Murphy’s law is an adage or epigram that is typically stated as: “Anything that can go wrong will go wrong”.
Actually, the way I always heard Murphy’s law be formulated is “Everything that can go wrong with eventually go wrong.” However he said it, after running operations and release management for a web application with significant traffic, I can tell you this:
Murphy was an optimist.
“Let’s just get this release out of the door at 5pm, just before we go home. What could possibly go wrong?”
“Let’s release this minor update on Friday. What could possibly go wrong?”
“Let’s migrate everybody over to our new VPC setup at once. What could possibly go wrong?”

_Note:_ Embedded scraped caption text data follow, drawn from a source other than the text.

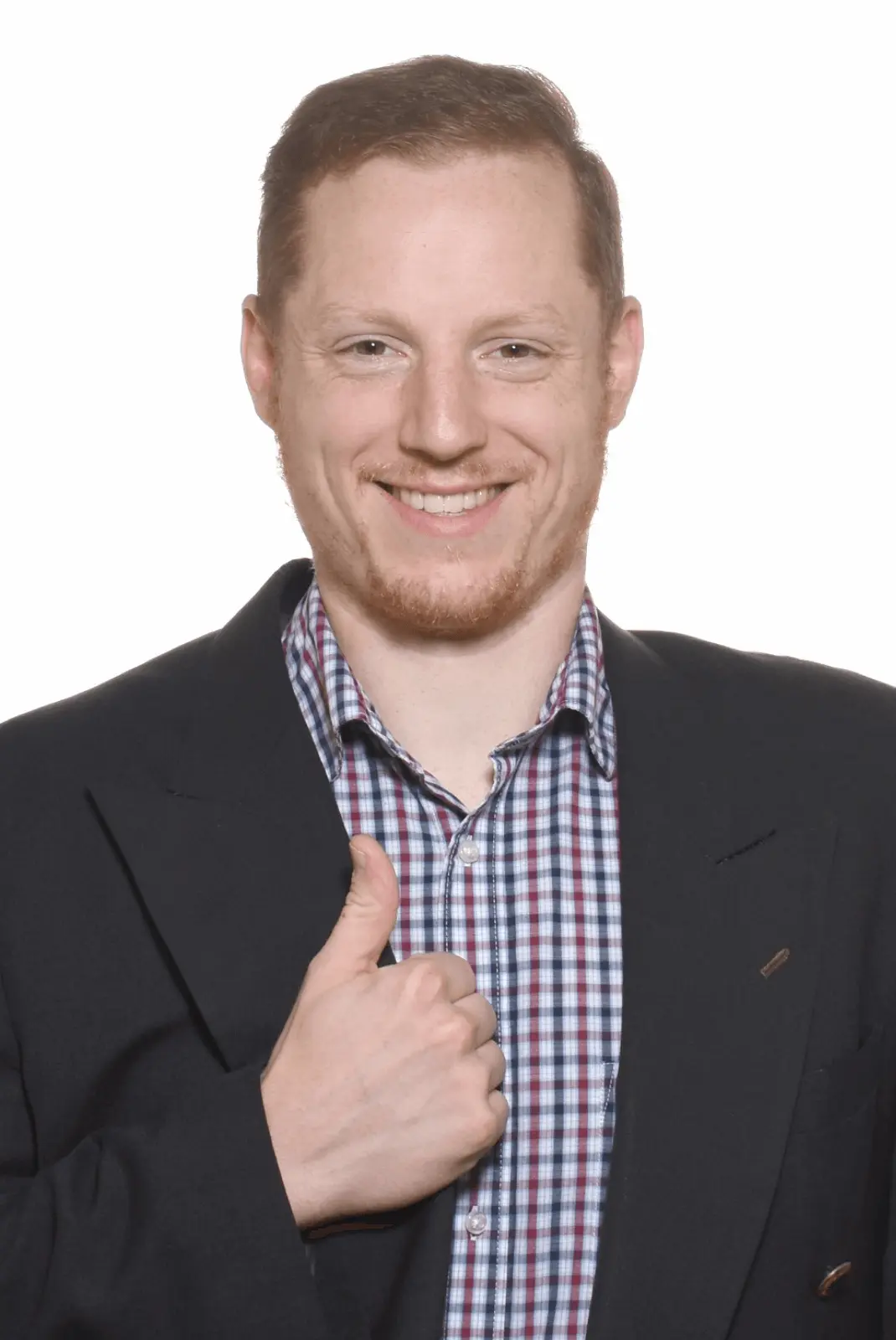 Porträt von Quentin L. Dozent im karierten Hemd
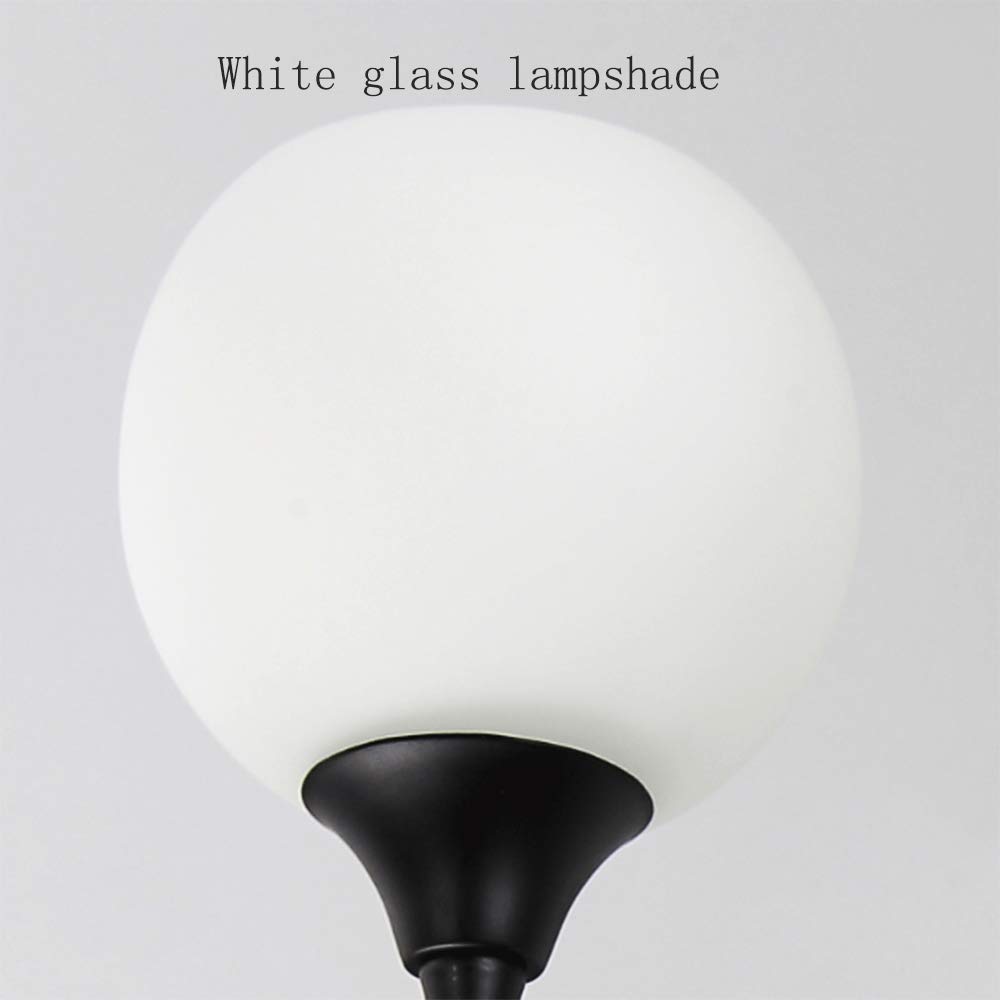 Wandleuchte Nordic Postmodern Wandlampe Eisen Wandlicht Schwarz lampe schlafzimmer Wandleuchten Weiß Glaslampenschirm Wandbeleuchtung Kristall 1 flamme G9*1 Wohnzimmer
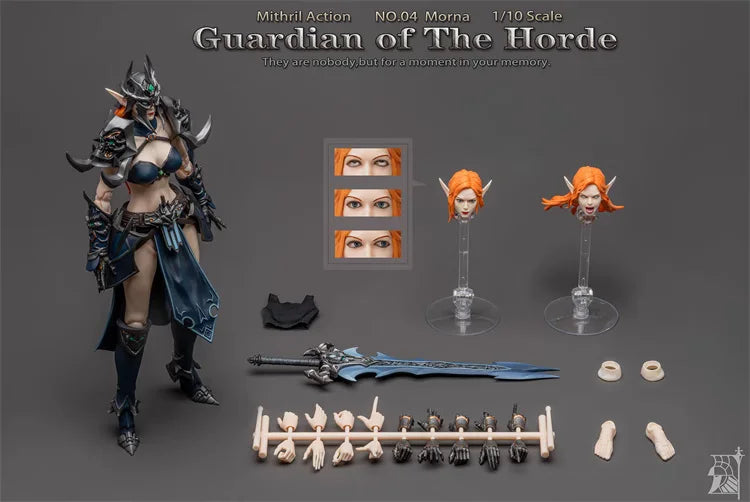 In Stock Mithril Studio Tribal Guard 04 MORNA Female Elf Mingna 1/10 Action Figure Toy Collection Gift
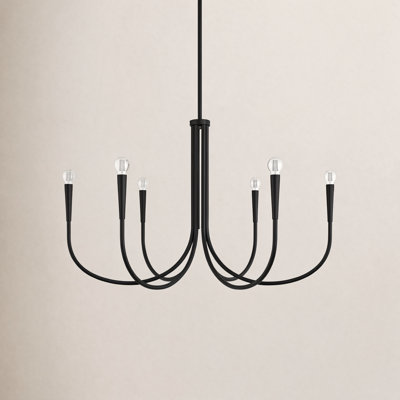 Catalena 6-Light Dimmable Iron Chandelier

“Let’s not apply everything I learned at Cloud9 to my personal website and have it run on a single, not externally backed up, unoptimised WordPress install. What could possibly go wrong?”
For a long time at Cloud9, we’ve had guidelines based on past experience, here’s just three:
- No end-of-day releases, because things always catch on fire while you’re in transit home or just when you’re having dinner.
- No releases on Fridays, because nobody likes firefighting on weekends.
- Data has to be on two servers at the very least, because — you know — servers and hard drives break.
Once in a while there seemed to be very compelling reasons to not follow a guideline just this once. “It’s just a tiny tweak, it cannot possibly break anything.” I saw a variant of the 5pm release happen while I was driving to my parents in law. It started with a proud internal email stating “We have released A and B just now!” I looked at my watch: 6pm. Alright, let’s see how this plays out. And indeed, only half an hour later another email: “ok, so that was a bad idea — reverted.”
Although it seemed impossible, things almost always seemed to go wrong when there was a chance, definitely too often to ignore it. So, there you have it — Zef’s law:
Everything that can possibly go wrong will immediately blow up in your face. — Zef’s Law
Since then these guidelines were turned into unbreakable laws.
If you live abiding Zef’s law, you learn to manage and accept the consequences of taking risk: immediate failure. The trick is to lower the risk to the level where the failure becomes tolerable.